How do you think about identifying trades in this space? How do you think about managing trades? How do you think about exiting trades? How does the book come together? It seems like a very overwhelming landscape to try to get your arms around.

  • Our investment process as a collection of bottoms-up strategy sleeves. So an individual strategy sleeve would really be a theme that’s driven by some particular type of dislocation or some particular type of underlying flow that end-users are generating. In a cross-sectional portfolio, opportunities are more fleeting, as opposed to being structural flows that are very consistent over long periods of time. It involves building out quite a lot of infrastructure, to identify those opportunities quickly.
  • In the example of a fund running a big overwrite sale on their long, large-cap, equity names portfolio, that would feed through quickly into the prices of options within that universe, and you’d see a significant reduction in those prices, relative to the prices of the small-cap energy names. You’d see it probably wasn’t driven by underlying realized volatility dynamics, it wasn’t that the spread compressed(because the names in the short baskets started becoming very volatile, and their prices started rising). You’d have various other ways of quantitatively triangulating that which would trigger an investigation into a type of the trade to add to the portfolio.
  • Where the dislocations are potentially more persistent, it might be more a question of measuring those dislocations. How do you track the ebb and flow over time? Is it a particularly attractive opportunity set? Do you want to have maximum risk on? Is it a less attractive opportunity set? Do you only want to have 30, or 40% of risk on? The identification of those type of opportunities is a starting point in the design of the strategies.
  • Again much is driven by what end-users of derivatives are doing in really big size and affecting markets. It’s not hard to see if you are an active market participant. You spend a lot of time talking to market makers and talking to the end-users of derivatives so you see it very quickly.

How do you think about the trade off between systematic versus discretionary and volatility investing?

  • I think in terms of a spectrum between, on the one hand, fully discretionary, and gut feel based investing all the way to the other end of the spectrum of fully automated back to front, systematic trading. Most volatility managers lie somewhere in between on that spectrum. It’s really hard to get that last mile to full automation. Since options are non-linear, you need to manage the very small risk of automation failures which also makes full automation elusive.

Are there any examples that come to mind where either an opportunity was systematically identified and you had a discretionary override? How about the opposite, where you thought there was an opportunity and the systems were not flagging it?

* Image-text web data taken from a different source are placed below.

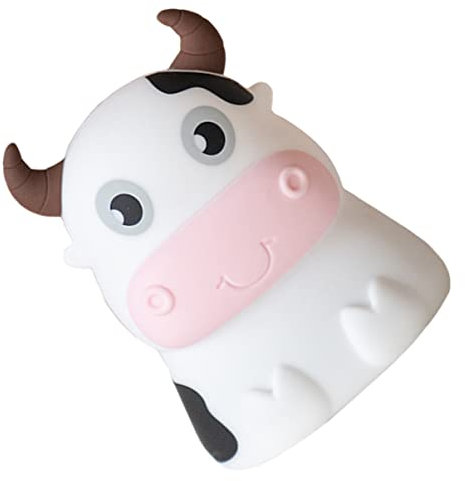 DOITOOL Kuh Nachtlicht Muschellicht Kippen Nachtlampe Für Schlafzimmer Cartoon-kuh-lichter Neon Lampendekor Zubehör Kind Matschig Nachttischlampe Usb-schreibtischlampe Kieselgel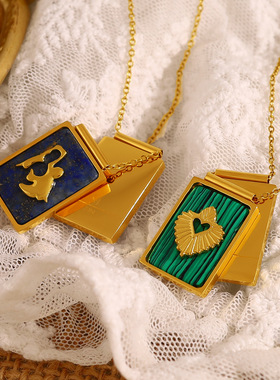 欧美ins风复古流行天然石书本吊坠女 可开合矩形金色钛钢项链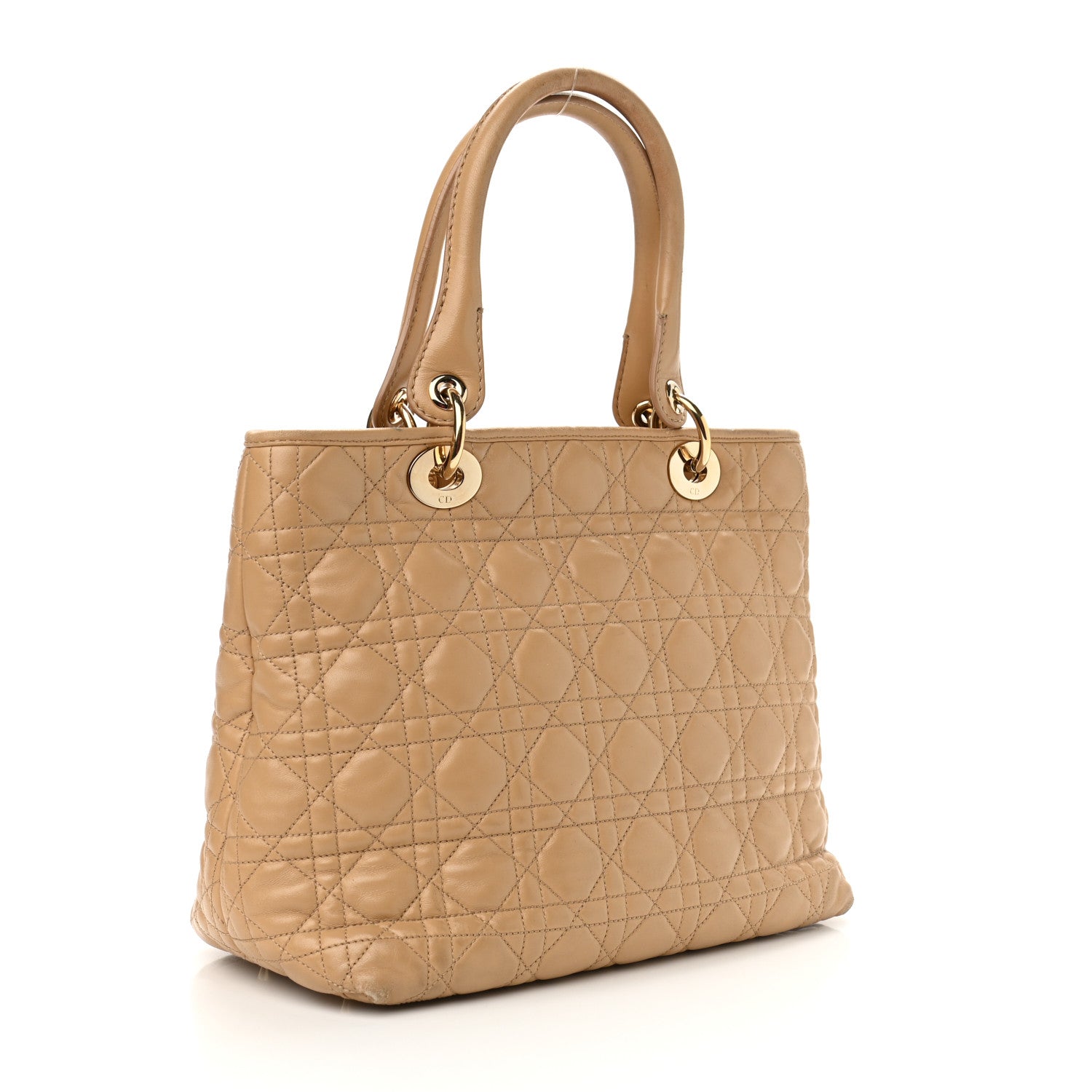 Christian Dior Lambskin Cannage Dior Tote Beige 3 of 15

  • Back in the early days of Abenomics, in Japan, when the Nikkei was incredibly depressed, there was an interesting dynamic showing up in skew on Japanese equity indices. So skew is the relative price and an implied volatility sense of upside, call options versus downside put options. And in Japan, it actually started to go positive, which is very unusual. In other words, upside call options, were trading at a higher implied volatility than downside put options. A lot of folks in the volatility community got really excited about how silly it was, that an upside call option would trade at a higher implied probability than a downside put option, and really aggressively sold upside call options. But the key thing to remember back then was the Japanese equity market had just been incredibly depressed for a long time. There was a tremendous macro narrative building around big structural reforms and a great unconventional monetary policy. What followed was a very volatile rally! It was really a sucker’s trap to look at skew based on the historical data set because you were selling an upside crash scenario.
  • Another example was the model not appreciating how cheap the options on VIX were when the sizing in XIV became extreme and creating a very negatively convex profile in VIX due to the size of the rebalance. If you have a fund that requires a mechanical response that has to buy volatility when vol is up, it creates a problem if the size in the market became too large. It was just a market microstructure time bomb waiting to happen. The timing of that type of event happening was uncertain. But the sizes of those positions made it almost inevitable.

When you see a very steep VIX futures curve, in your opinion, is that an expression of the markets viewpoint? Or do you think that’s just an expression of a market imbalance?

  • Typically, it’s more related to risk premium than it is some kind of unbiased forecast of future volatility. If you look academic research or practitioner research there are some fundamentals to that term structure and some expectation element but often quite a lot of element of risk premium.

If you were doing due diligence, on a volatility strategy, describe red flags (besides leverage and are they selling tail insurance) and other concerns.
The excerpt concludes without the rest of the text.